The super-rich claim they’ll flee to escape a Labour ‘tax grab’. Here’s an idea for how to stop them | Polly Toynbee

They’re off! The millionaires are taking flight in droves, chased away by Labour’s budget plans. Day after day, rightwing thinktanks and media grow more demented in their attempt to frighten the wits out of the chancellor. “Number of millionaires in the UK to fall by a fifth,” warns the Times, echoing the Telegraph’s “Britain to suffer biggest exodus of millionaires in the world”, reporting the rightwing Adam Smith Institute’s “millionaire tracker” scare.

Day after day, the old enemy pounds away: “Labour’s plan to punish the rich is about to drive Britain into the ground,” as one Telegraph commentator put it. The pile-on is joined by wealth management companies offering self-interested evidence. The Times front-page splash, which warned the rich were “ready to quit UK over budget tax threat”, cited a company offering relocation services to high-net-worth individuals that has experienced a 69% jump in inquiries. Well, they would. My inbox is full of wealth managers’ warnings about Labour’s inheritance “tax grab”.

Would they really flee? History is the best guide. This same old threat is always levelled over any check on the soaring wealth of the richest in Britain, but research shows that rich people rarely follow through. An LSE report published in January, Tax Flight? Britain’s Wealthiest and Their Attachment to Place, strongly suggests they are going nowhere. On surveying those in the top 1%, it found none actually planning to migrate. After all, the top 1% have no reason to complain after doing astoundingly well since 2010. Liam Byrne’s book The Inequality of Wealth shows they have made 31 times more wealth than the other 99% during the Tory years. While the rich got richer, real-terms wages flatlined.

Why are so few of the super-rich likely to leave? The LSE research finds them deterred by career risks, the administrative burden of moving, family upheaval, attachment to the places they call home (predominantly London’s zone 1). They value London’s unparalleled cultural life, and “expressed a snobbery about tax-advantageous destinations as boring and culturally barren”. The Cayman Islands just can’t match Chelsea or Mayfair.
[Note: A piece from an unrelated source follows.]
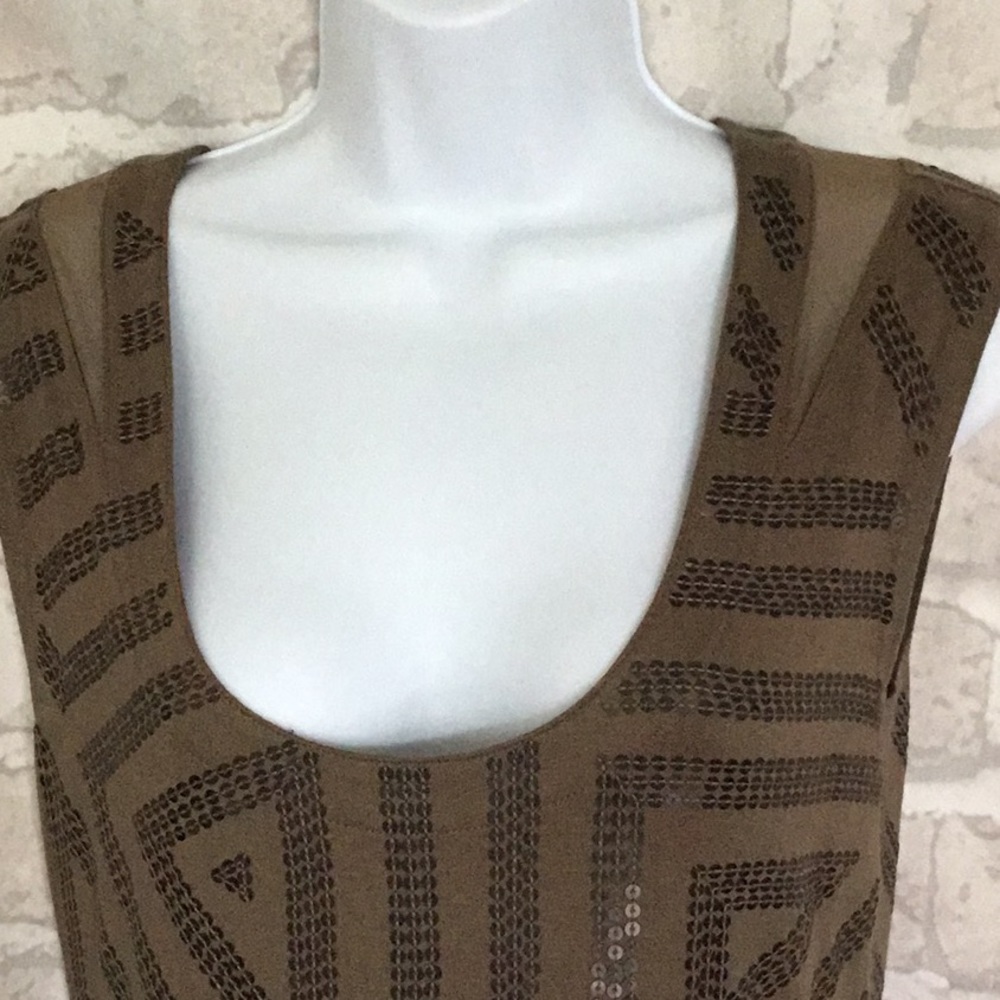 EXPRESS DRESS - Picture 3 of 6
Devere Group wealth management is one of many commenters in my inbox, with 100,000 clients around the world, mostly British expats. I interviewed its high-net-worth owner and chief executive, Nigel Green, about his lifestyle for my book with David Walker, The Lost Decade. Based in Dubai, he said: “I have a nice house but I’m not there often.” He lived, he said, “mainly on planes”. What were his pleasures? He sometimes flew to football matches or Formula One races, but had no hobbies. What about philanthropy, often a justification for high earners? “Not really. I have run marathons for charity in the past.” There is an odd aura of the extreme miser about many whose tax avoidance turns them into exiles from home.

Charlie Mullins of Pimlico Plumbers left with a noisy flourish last month to Spain and Dubai. (Does he know that, unlike the UK, Spain has an annual wealth tax?) We should be grateful to Guy Hands, founder of the private equity firm Terra Firma, for his honesty in admitting publicly that tax flight had been a bad mistake. He bolted to Guernsey, with its 20% flat tax rate, in 2009, when Labour raised the top rate to 50%. “For me it was a disaster,” he wrote last year. Without close proximity to the world of high finance, he said: “I lost the flow of the market.”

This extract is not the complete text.